I must admit that when I first heard about this I wondered what all the fuss was about, at least from a technology perspective. Then I realized there might be a couple of challenges delivering a virtual desktop to space: bandwidth and end-to-end latency.

Transmission to and from the ISS uses the KuBand (which you may have previously encountered if you own a police radar detector). With KuBand, NASA can drive transmissions at high power, delivering greater fidelity, enabling smaller dish sizes, and transmission over greater distances. It also offers high bandwidth. So, there’s a good link layer.

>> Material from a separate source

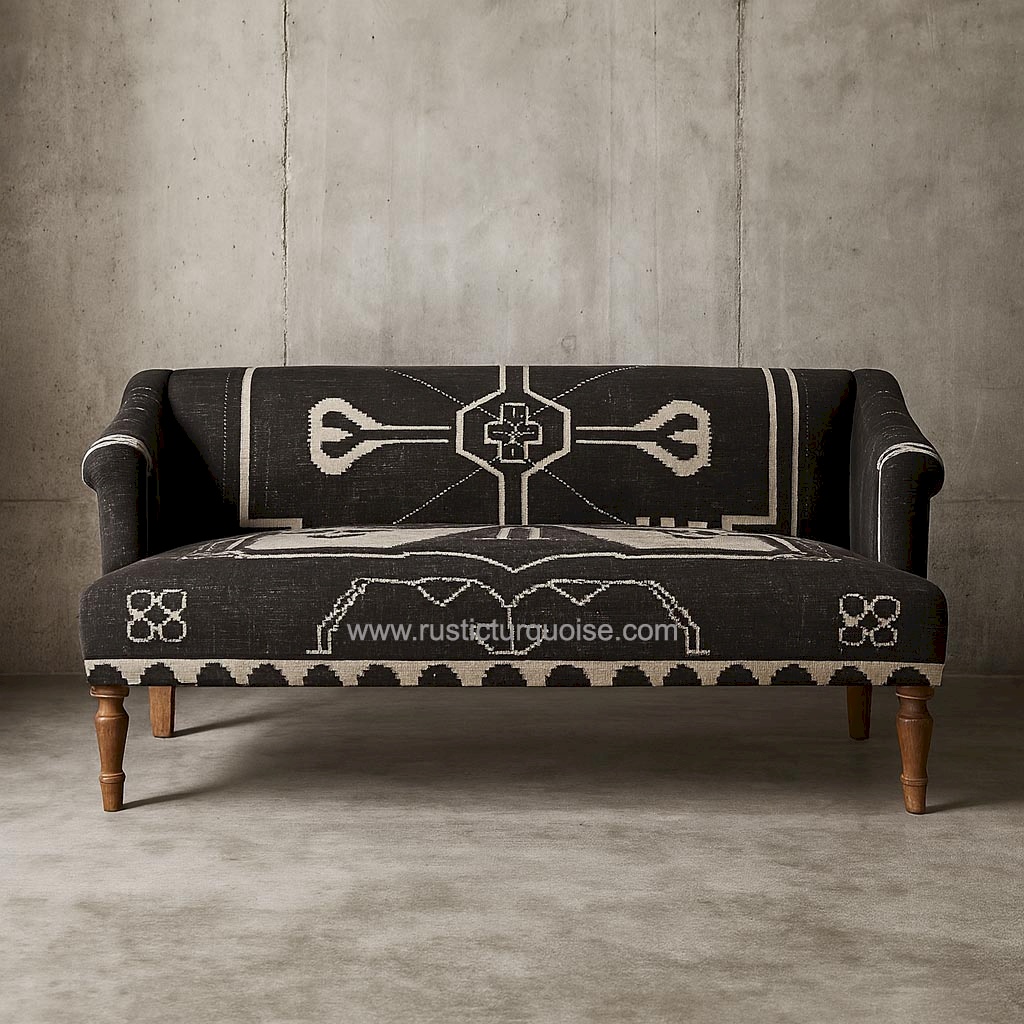Rustic Tribal Black Upholstered Sofa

I could anticipate some challenges with TCP window sizes, but assuming the boffins at NASA had those under control, the session and presentation layers were easy: NASA uses Citrix Branch Repeater for WAN Optimization between the ground and space station, and Citrix HDX™ technology to deliver the virtual desktops, both of which do a great job of reducing resource requirements and enhancing the delivery of a remote “high def” desktop experience.

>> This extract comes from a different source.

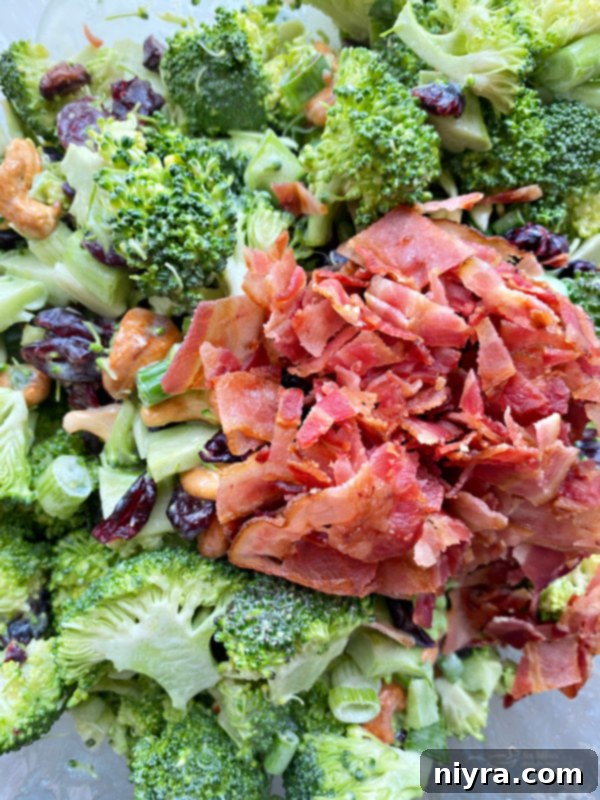 Top view of broccoli salad with bacon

All told, I learned, NASA can deliver up to 3Mb/s to the ISS from earth, and up to 1 Mb/s from the ISS to earth – way more than you’d need for twitter, even if you were Chris Hoff. I imagined astronauts watching YouTube from the ISS on their XenDesktops…

The second challenge you’d expect is latency. Space is further away than the Cloud so a real WAN might be on the cards. I sat down to figure out the latency an astronaut might expect when working on a virtual desktop from the ISS:
The ISS is kept in Low Earth Orbit (LEO) between 278 km (173 mi) and 460 km (286 mi) altitude, and travels at an average speed of 27,724 km/h (17,227 mph), completing 15.7 orbits per day. So there would be absolutely no problem with delay then? Transmission over this distance is nearly instantaneous – less for example than the 1350 km between me and my XenDesktop in San Jose CA, as I type this blog.

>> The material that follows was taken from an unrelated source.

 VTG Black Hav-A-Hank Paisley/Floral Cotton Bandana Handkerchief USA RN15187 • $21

Well, not quite: It turns out that latency is a very big deal to LEO communications not because of the vertical distance between a ground station and the ISS when it is directly overhead, but because of the need to encode, transmit, store and forward packets, and the disastrous effects of retransmission on throughput in a WAN. The enormous speed of the ISS leads to challenges because of the doppler effect, which requires a receiver to frequency shift as the ISS passes through the sky. Moreover the ISS remains visible for only 15-20 minutes per pass, before passing behind the earth. In the early days of the US Space Program they tracked satellite signals in sequence from each of a set of earth stations spaning the globe, relaying the signals back to the base station. Today communications from the LEO based ISS are relayed up to a set of geostationary satellites called TDRSS, which can continually track it.

The combination of significant latency (half a second to GEO and back) and the need to store and forward packets, led to an adaptation of TCP/IP to deal with the challenges of inter-planetary communications. The Delay Tolerant Networking concept (DTN) was initiated by Kevin Fall at Intel Research in 2002, and by now is capable of sustaining TCP/IP based communication with the ISS.

At the end of the day, the NASA folk tell me, there is about 1.5 seconds of latency from the ISS to earth and back. Though I’m sure I wouldn’t enjoy using XenDesktop with that latency, I now understand why we heard about the astronaut’s first tweet from space, rather than a video call via skype to his mum.